Both countries have signed an advantageous energy contract.
“Both those who initiate these actions and those such measures that we call sanctions are aimed against find them harmful. Apparently, everybody, including ourselves, are interested in their cancellation. We are perfectly aware that each individual member country of the European Union finds it rather hard to say so, but all that is happening in this sphere does not impede the development of relations with Austria. And we will use every opportunity to do this further on and to implement the plans I’ve just mentioned,” the Russian president who is on a state visit to Austria, said.
Unlike the US, Russia doesn’t suffer from a lack of trust, and it remains open for cooperation with other countries, he said. “We are open, ready for cooperation,” Putin noted. Russia’s Gazprom and Austria’s OMV signed a gas supply contract until 2040.
According to Putin, the mechanisms and instruments for cooperation damaged by sanctions, is being revived “Gradually, bit-by-bit this work is revived, we can see this,” he explained. “And in my opinion, they proceed very constructively, though not easily,” he added.
Importing liquefied natural gas from the US is three times more expensive that buying it from Russia, Van der Bellen noted after signing a gas-supply contract with Moscow. Austria is a major transportation hub for Russian gas being exported to Europe.
The US is force-feeding Europe its LNG, the Austrian president said. “American liquefied gas is two or three times more expensive than Russian gas. Under such circumstances, it makes little sense in purely economic terms to replace Russian gas with American LNG,” Van der Bellen said at a press conference.
“Austria has become one of the key, if not to say, one of the most important units of Russian gas transportation to Western Europe and plays an important role in ensuring the energy security of the entire European continent,” Putin said, adding that Russia has exported more than 200 billion cubic meters of natural gas to Austria in the past 50 years, cementing a reliable partnership.
Austrian Chancellor Sebastian Kurz also stressed the importance of Russian gas shipments to his country to TASS news agency in an interview. “I would like to note the fruitful cooperation of the two very important companies – OMV and Gazprom – which seems to me extremely beneficial for both sides.”
OMV and Gazprom are now implementing the Nord Stream 2 pipeline, which seeks to double the capacity of the existing Nord Stream. The project is facing hard opposition from the US.
The United States has already sanctioned foreign companies involved in Russian energy exploration using the referendum in Crimea as an excuse.
The 1200km-long pipeline through the Baltic Sea is funded by Russian state-owned giant Gazprom and a group of major European energy firms.
Construction on the German section of the project began in May, but new sanctions being considered by Washington threaten to crush the project before it is finished.
A bipartisan group of US lawmakers have urged President Donald Trump to block Nord Stream 2 by slapping financial penalties on the participating companies.

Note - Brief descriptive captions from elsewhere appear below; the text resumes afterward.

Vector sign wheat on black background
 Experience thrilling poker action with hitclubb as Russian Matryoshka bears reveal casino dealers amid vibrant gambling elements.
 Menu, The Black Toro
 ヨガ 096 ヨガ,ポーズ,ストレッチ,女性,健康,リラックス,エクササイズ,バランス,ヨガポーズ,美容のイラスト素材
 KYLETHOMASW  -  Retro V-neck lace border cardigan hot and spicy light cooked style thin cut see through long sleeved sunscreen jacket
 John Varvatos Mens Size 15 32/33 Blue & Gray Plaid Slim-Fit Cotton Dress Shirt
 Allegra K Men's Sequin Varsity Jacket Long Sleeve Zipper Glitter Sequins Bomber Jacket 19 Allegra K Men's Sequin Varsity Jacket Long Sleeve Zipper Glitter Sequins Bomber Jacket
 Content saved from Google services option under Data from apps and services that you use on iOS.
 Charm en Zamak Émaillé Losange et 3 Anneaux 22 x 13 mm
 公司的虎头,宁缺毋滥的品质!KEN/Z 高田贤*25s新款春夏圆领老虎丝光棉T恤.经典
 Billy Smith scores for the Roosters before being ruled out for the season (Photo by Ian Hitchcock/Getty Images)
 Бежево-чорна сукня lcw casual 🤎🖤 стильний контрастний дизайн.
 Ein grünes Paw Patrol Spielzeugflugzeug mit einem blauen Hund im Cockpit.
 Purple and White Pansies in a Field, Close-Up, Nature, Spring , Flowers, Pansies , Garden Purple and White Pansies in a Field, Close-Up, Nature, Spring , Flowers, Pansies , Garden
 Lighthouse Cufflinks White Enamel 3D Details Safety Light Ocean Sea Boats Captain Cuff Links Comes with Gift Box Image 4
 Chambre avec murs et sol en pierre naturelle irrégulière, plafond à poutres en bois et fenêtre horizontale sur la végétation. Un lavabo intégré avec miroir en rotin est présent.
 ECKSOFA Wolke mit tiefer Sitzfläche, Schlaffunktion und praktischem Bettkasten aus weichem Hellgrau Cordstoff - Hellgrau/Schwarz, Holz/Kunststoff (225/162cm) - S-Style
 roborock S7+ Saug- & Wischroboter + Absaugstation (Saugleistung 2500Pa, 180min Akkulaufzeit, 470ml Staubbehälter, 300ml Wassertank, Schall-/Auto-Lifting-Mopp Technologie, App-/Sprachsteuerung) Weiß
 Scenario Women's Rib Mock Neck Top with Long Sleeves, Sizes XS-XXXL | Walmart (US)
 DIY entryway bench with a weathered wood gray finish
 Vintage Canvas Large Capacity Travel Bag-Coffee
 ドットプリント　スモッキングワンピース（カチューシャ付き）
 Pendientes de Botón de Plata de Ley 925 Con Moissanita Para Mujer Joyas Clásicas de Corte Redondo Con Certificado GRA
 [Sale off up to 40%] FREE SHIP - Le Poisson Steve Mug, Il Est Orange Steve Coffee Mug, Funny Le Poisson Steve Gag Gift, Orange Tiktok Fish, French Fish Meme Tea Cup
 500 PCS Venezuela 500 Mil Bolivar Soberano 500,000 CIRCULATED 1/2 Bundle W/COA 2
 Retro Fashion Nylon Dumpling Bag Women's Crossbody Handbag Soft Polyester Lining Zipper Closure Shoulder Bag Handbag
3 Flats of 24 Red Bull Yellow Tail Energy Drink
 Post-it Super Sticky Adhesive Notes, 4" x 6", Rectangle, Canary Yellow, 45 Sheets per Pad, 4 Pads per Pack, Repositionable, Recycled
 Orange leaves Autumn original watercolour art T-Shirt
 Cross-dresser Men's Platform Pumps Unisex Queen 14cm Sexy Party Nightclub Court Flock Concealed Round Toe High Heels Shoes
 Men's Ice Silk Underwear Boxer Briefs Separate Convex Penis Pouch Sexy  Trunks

Michael Harms, member of the German Committee on Eastern European Economic Relations, told German public broadcaster Das Erste: ”This is of course poison for any long-term strategic commitment.”
Currently, more than half of Russian gas exports to Europe are routed through war-torn Ukraine. Supporters of Nord Stream 2 say it would increase security of supply.
Both Poland and Lithuania, which oppose Nord Stream 2, have built terminals for liquefied natural gas, or LNG.